A British government report that calls for transformation of the world food system on the scale of the industrial revolution “is much more forthright than ever before on contentious agriculture and food topics,” according to a USDA Foreign Agricultural Service analysis posted Thursday.

“Support for new technologies is upfront, as is the need to promote sustainable intensification of production, and for developed economies to consider managing their meat consumption,” the FAS analysis says. “The contribution of the organic sector is duly noted, while also indicating its limitations in sustainably feeding a growing population.”

“Coming within a year of a new U.K. coalition government (noticeably quiet on several policy fronts such as biotechnology), this report will provide the basis for UK politicians to move forward on food and farm policy, as well as seeking to influence policy further afield,” the report concluded.

The report, titled “The Future of Food and Farming,” was released in January. The FAS analysis was also written in January, but not posted until Thursday.
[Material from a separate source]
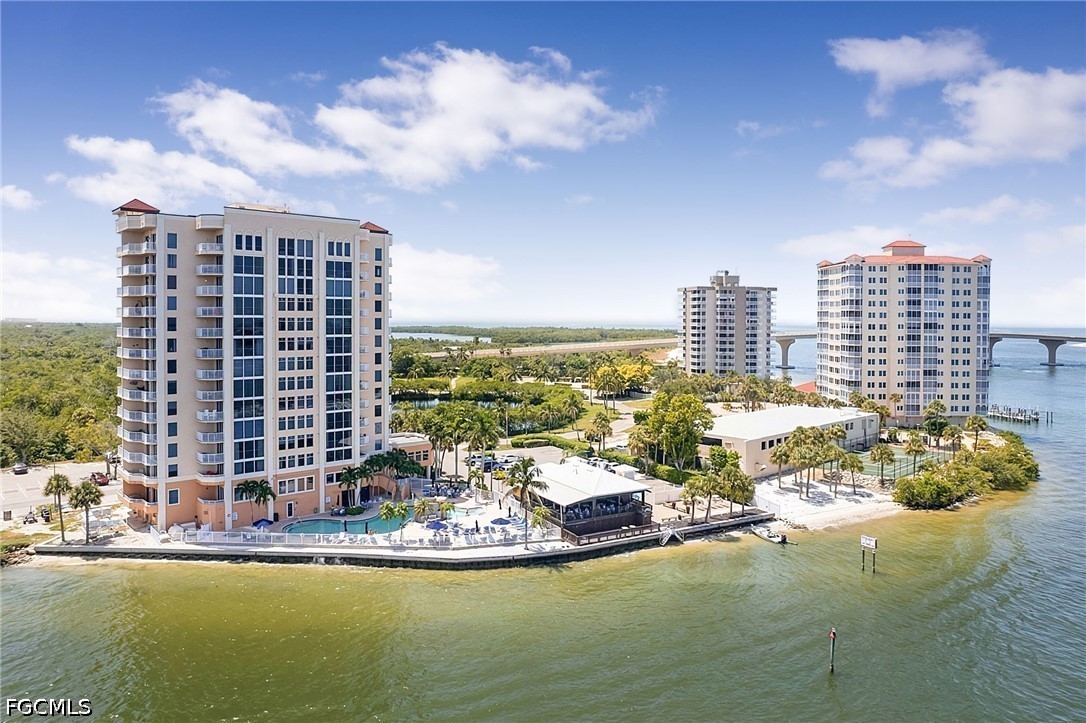 1 Bed Waterfront Home for Sale in Bonita Springs, photo 2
The analysis is part of the FAS Global Agricultural Information Network page, which includes analyses that are not necessarily U.S. government policy.

The report by Foresight — the U.K. government’s futures think tank — is the product of a two-year study, involving 400 experts from 35 countries. It was co-commissioned by the U.K.’s Department for Environment, Food & Rural Affairs and the Department for International Development, and overseen by the U.K.’s Chief Science Adviser, Sir John Beddington.

The U.S. provided input primarily through Dr. Nina Fedoroff, former special adviser on science and technology to the State Department. Other U.S. contributors included USDA’s Economic Research Service, as well as Iowa State, Stanford, and Yale universities.

The report calls for “interconnected policy-making” on a variety of issues and repeats previous calls for completion of the Doha round of multilateral trade talks with an emphasis on development and changes to other policies to help the development of agriculture in the Third World.

But the report also noted that the U.K. retail food sector “would welcome government-accredited national schemes that set standards for sustainability.” It also cites the U.S.-based Keystone Alliance for Sustainable Agriculture as an entity that “has developed a series of metrics for quantifying the sustainability of agricultural systems” that may be used to reward sustainable farming systems with carbon credits and other incentives.